What's important is to notice what's happening. When I use AI to select the posts I read in my RSS reader, I'm finding more from the categories I've defined, but I'm missing the new stuff from categories that might not exist yet - the oft-referenced filter bubble. Also, I'm missing the ebb and flow of the undercurrent, of the comings and goings, of the stuff that seems off topic and doesn't matter - and yet, to someone who dwells in the debris like me, it does.
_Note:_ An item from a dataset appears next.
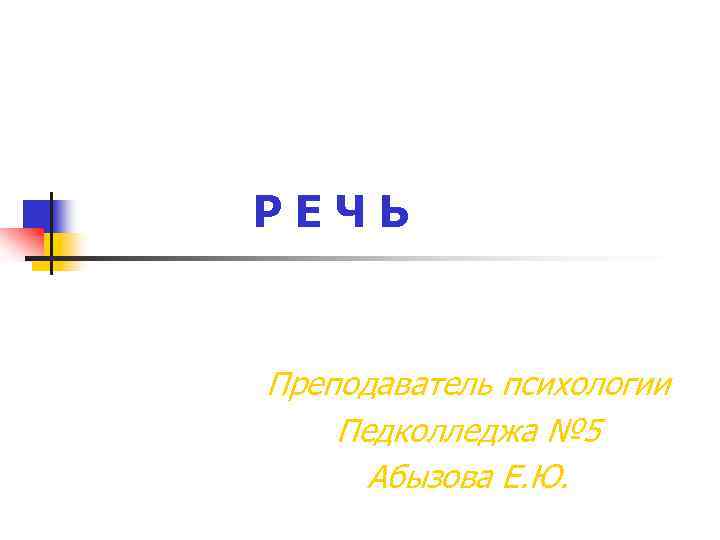 РЕЧЬ Преподаватель психологии Педколледжа № 5 Абызова Е. Ю.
Source: AI Drift | Half an Hour
This is what I’m calling ‘AI drift’ in humans. It’s this phenomenon whereby you sort of ‘drift’ into new patterns and habits when you’re in an AI environment. It’s not the filter bubble; that’s just one part of it. It’s the influence it has over all our behaviour. One of those patterns, obviously, is that you start relying on the AI more do do things. But also, you stop doing some of the things you used to do - not because the AI is handling it for you, because as in this case it might not be helping at all, but because you just start doing other things.
AI drift isn’t inherently good, and it isn’t inherently bad. It just is. It’s like that quote often attributed to McLuhan: “We become what we behold. We shape our tools and then our tools shape us.” Recognizing AI drift is simply recognizing how we’re changing as we use new tools. We then decide whether we like that change or not. In my own case, it comes with some mixed feelings. But that’s OK. I wouldn’t expect anything else.